The officer was notified Monday of his proposed firing, Miskell said, and suspended with pay. Under civil service regulations, the officer will have the opportunity to discuss the action with McKune. After that time, McKune will make the decision about whether to finalize the proposal, modify it or withdraw the action.

Miskell said McKune likely would make his decision by the end of this week.

If the officer disagrees with any disciplinary action that is imposed, he can appeal to the State Civil Service Board. Only then would the officer's name be made public by the state, Miskell said.

A call to Lansing Local 3371 of the American Federation of State, County and Municipal Employees, the union that represents corrections officers at the prison, went unanswered Tuesday afternoon. The local's president did not respond to an e-mail inquiry Tuesday evening.

Meanwhile, authorities are actively continuing the search for Manard and Young with the help of local, state and national law enforcement agencies.

"We have notified authorities from both Mexico and Canada that John Manard has escaped from the Lansing Correctional Facility and Toby Young is believed to be with him," Miskell said.

Last week, authorities asked for the public's help in spotting the pair - who may have disguised themselves since the breakout.
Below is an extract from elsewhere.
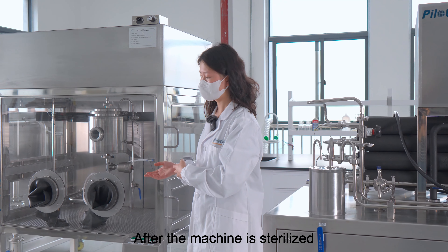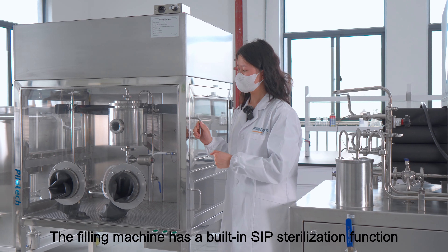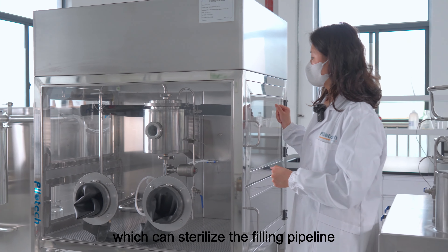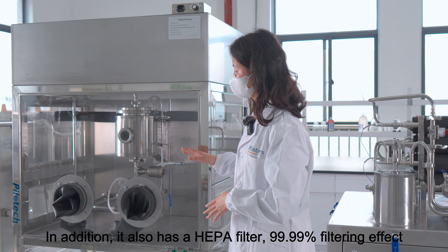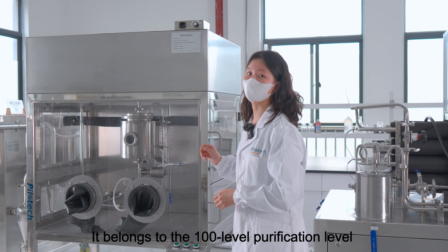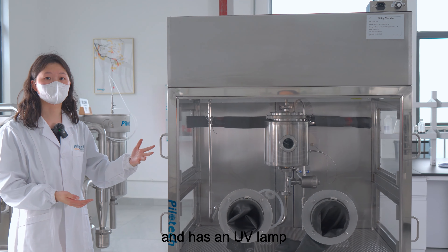After the machine has sterilized, you can choose our filling machine for filling. The filling machine has a built-in SIP sterilization function, which can sterilize the filling pipeline. In addition, it also has a HEPA filter with 99.99% filtering effect. It belongs to the 100-level purification level and has a UV lamp.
Videotape from a Kansas City-area store captured Young purchasing an electric razor and black or dark brown hair dye prior to the escape. The two also are believed to have more than $10,000 in cash and two semiautomatic handguns.

Miskell said the call for help has resulted in "lots and lots of sightings, particularly from the metro (Kansas City) area," but "the information we have developed thus far has not been productive."
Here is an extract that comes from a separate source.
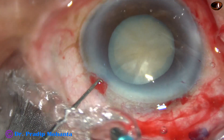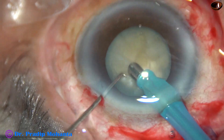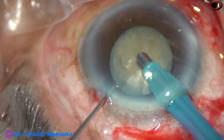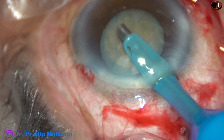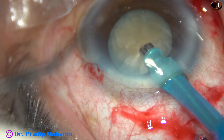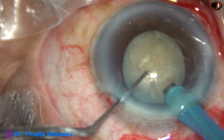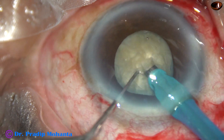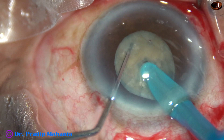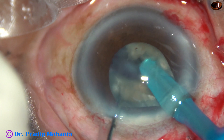This is a phaco machine from Oertly, Switzerland. The tip of the phaco handpiece goes bevel down. Some superficial cortical lens matter is removed. And now I turn the handpiece, make the bevel up. And now — this is not submarine chop, this is trench and chop. The tip has been buried into the substance of the nucleus.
Authorities also have asked the public's help in finding someone who may have sold a 1998-2000 blue Chevrolet sport utility vehicle within the past month or so to Young.

They believe Young and Manard left the Safe Harbor van at a Bonner Springs storage facility for the SUV.


bankboy119 12 years, 2 months ago

Yes of course the guard should get the same punishment as the murderer. I guess if I had a phd I would have known.

badger 12 years, 2 months ago

If it had been a simple mistake, something he didn't notice or couldn't have been expected to see, I'd be inclined towards leniency for the guard.

But he deliberately ignored his procedures and his rules, and the very thing the rules were supposed to prevent happened.

If this is the first time he's ever failed to follow a procedure, and he has been an exemplary employee to this point, then perhaps some form of suspension and probation. However, barring him being a pretty amazing employee, I just can't see a lot of justification for him keeping his job. Aside from the fact that he allowed an inmate to escape and all the ramifications of that, corrections officers need to trust that the other guy will do what he's supposed to. If they can't trust him, it may undermine their effectiveness as a whole.